THE BELL THAT DIDN’T WORK.

Cat experts say that if you don’t want your cat to bring in gifts of dead vermin, all you need to do is put a bell collar on your cat.  Tell that to Boca who is back to his usual Spring habits.  He has already brought one bunny, two birds, one mouse and something brown (I didn’t look that close).  Damn Cat. Obviously the little bell collar he is wearing isn’t working.

IS IT A TRAIT THAT ALL 20 YEAR OLD BOYS DO?

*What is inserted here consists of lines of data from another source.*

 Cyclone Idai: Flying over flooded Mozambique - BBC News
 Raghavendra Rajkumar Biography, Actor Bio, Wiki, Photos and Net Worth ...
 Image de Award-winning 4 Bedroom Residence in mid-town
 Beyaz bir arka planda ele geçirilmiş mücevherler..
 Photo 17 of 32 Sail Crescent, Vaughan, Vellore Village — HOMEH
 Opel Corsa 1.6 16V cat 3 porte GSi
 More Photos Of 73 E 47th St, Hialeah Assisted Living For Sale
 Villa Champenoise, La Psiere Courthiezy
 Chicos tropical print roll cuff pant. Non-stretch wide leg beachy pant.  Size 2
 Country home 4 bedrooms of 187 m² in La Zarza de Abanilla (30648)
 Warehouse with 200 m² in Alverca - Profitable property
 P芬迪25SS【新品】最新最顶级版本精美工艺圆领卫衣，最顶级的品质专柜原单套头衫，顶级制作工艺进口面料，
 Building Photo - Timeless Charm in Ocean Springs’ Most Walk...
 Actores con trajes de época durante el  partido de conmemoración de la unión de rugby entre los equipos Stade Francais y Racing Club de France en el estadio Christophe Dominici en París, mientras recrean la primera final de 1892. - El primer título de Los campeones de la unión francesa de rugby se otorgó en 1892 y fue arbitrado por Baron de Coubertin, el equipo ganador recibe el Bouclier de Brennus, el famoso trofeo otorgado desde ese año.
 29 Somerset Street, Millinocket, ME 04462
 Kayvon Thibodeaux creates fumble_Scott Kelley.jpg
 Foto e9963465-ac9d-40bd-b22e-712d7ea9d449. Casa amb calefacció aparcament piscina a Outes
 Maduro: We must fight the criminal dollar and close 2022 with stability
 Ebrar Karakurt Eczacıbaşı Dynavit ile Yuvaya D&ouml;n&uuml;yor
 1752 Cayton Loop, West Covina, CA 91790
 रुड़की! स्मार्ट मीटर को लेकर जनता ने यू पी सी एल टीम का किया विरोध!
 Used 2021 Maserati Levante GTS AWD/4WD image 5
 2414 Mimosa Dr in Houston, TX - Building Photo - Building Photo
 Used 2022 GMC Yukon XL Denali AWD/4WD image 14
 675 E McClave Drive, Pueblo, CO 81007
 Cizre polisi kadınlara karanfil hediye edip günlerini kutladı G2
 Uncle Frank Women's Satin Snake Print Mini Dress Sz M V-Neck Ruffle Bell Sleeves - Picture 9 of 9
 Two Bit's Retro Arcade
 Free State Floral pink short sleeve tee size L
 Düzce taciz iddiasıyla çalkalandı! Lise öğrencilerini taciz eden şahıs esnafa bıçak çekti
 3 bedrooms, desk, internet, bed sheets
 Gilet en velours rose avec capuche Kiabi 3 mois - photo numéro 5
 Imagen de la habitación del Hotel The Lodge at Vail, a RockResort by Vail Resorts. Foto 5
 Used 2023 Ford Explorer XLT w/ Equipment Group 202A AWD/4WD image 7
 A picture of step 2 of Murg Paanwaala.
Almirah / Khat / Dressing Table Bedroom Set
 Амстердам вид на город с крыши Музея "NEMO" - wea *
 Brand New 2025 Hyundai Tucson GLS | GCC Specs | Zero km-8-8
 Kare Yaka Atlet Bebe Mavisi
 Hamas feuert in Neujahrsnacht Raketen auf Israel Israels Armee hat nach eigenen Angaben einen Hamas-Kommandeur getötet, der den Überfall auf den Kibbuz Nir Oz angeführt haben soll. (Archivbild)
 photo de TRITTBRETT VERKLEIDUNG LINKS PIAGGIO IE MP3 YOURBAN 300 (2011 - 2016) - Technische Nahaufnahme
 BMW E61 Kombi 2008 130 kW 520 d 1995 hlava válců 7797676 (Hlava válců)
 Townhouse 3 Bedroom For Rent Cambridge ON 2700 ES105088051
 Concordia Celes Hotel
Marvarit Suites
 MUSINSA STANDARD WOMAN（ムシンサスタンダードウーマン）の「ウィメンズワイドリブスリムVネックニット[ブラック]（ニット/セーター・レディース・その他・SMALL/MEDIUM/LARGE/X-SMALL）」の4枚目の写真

Filled up my car at the gas station.  As I was putting my money away after purchasing an iced tea, this young 20ish kid came up behind me and said “$4.00 on pump 8.”  Really?  $4.00?  How long is that going to last? Immediately channeling my own son, I pulled out $10.00 and said, “Make that $14 on pump 8.”  Kid was pretty grateful but I still had to mutter, why do they do that? And now I know that it is irritating to me even when it isn’t my own son.

TEXT MESSAGING

So, if you get a text message that says “Just peed in a clean toilet,” you probably think the texter is pretty bored. Until you text back this picture:  And then you know you are meant for each other.  (BTW, why would there be a chair in the stall?)

toilet

GRANNIES ON SAFARI

While waiting for an appointment  a show came on the lobby TV called Grannies on Safari. Wow. Glad old people get to get out and explore but I think I’ll pass on recording it; all they seem to do is go to market places and buy hats.

BATHROOM FAIRY

My daughter noted that the kitchen fairy came last night.  And sometimes the night time laundry fairy is busy as well. Which means I can’t sleep so get up in the middle of the night and clean.  Then she said: “I sure wish the bathroom fairy would come clean my bathroom.”  Me, too; Christina. Me too.

BIRTHDAY PRESENT

My husband ordered a new set of professional golf clubs. It just happened to coincide with his birthday month.  So as soon as they were delivered, I slapped my dollar store card and bow on top and I was done with the birthday present!  Easiest gift shopping I ever had to do.

I told him he needed to wait before he ordered those sock like covers that go over the club heads.  He could have at least waited until Father’s Day for heaven’s sake.